Shahd's haunting look embodies the Syrian refugee crisis
Before going to Jordan I had been following news about the Syrian refugee crisis and was familiar with their hardship but what we witnessed in Jordan during our short visit was truly devastating. Syrian refugees in the informal settlements were in need of proper shelter, food and clothing. Health and education were secondary needs. Yet, what struck me the most was the condition of the children, Syria's future generation. They not only needed proper homes, but proper health care and a formal education. Many of the children had been out of school for years. What future would these children have?

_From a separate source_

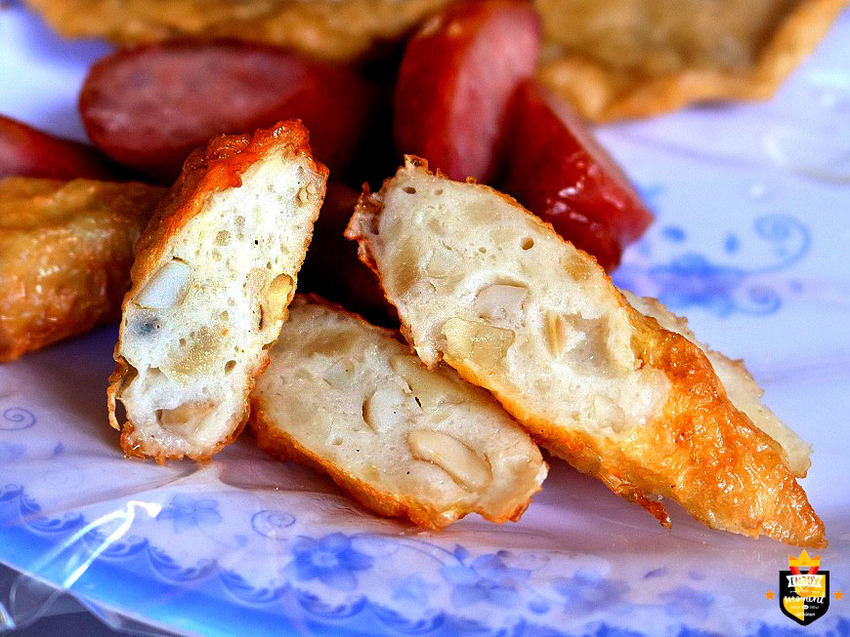 台南黑輪攤／每日限量只賣5小時／木炭烘烤飄香20年／在地人的台式下午茶／老饕就愛這一味／銅板美食CP值高／關東煮湯頭+古早味紅茶無限暢飲喝到飽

I had wondered why would some families choose to leave the established gated refugee camps, set up by the Jordanian government and UNHCR, and opt to live in the informal tented settlements with barely any support. I soon realised that life in the camps wasn't much of a life. These camps were overcrowded, limiting in job opportunities and generally not safe. They felt trapped, insecure and desperate, yet they were sadly escaping from one hardship to another.  

As the conflict enters its firth year, and as the situation deteriorates and becomes more desperate for Syrian refugees, the hope for their return is starting to fade. After visiting these informal settlements and hearing about living conditions in the gated camps, it is now understandable why some choose to risk everything and cross hazardous waters to find better living conditions in Europe. The driving force is their hope to secure a better future for their children, a formal education, job opportunities and an extra income that they could send to their relatives back in Syria. Some are so desperate that they even opted to return to Syria.

It isn't enough to just feel sympathy for Syrian refugees, it is our duty to help them. 
You can help sponsor a Syrian refugee family = JD 100 per month, JD 600 for six months, JD1200 for a year, or sponsor a teacher to teach Syrian refugees = JD 250 per month, times 9 months for a scholastic year.  To support Catherine Ashcroft efforts in providing the necessary help to Syrian refugees in Jordan donate through GoFundMe ensuring that 100% of the donations received are spent in essential supplies for the refugees. Catherine welcomes volunteer donors who are also willing to donate their time and effort for this cause. 


"Because the Syrian crisis isn't over. Because children's lives are at stake. Because they deserve better than this. Because it's not too late. Because they are the future of Syria."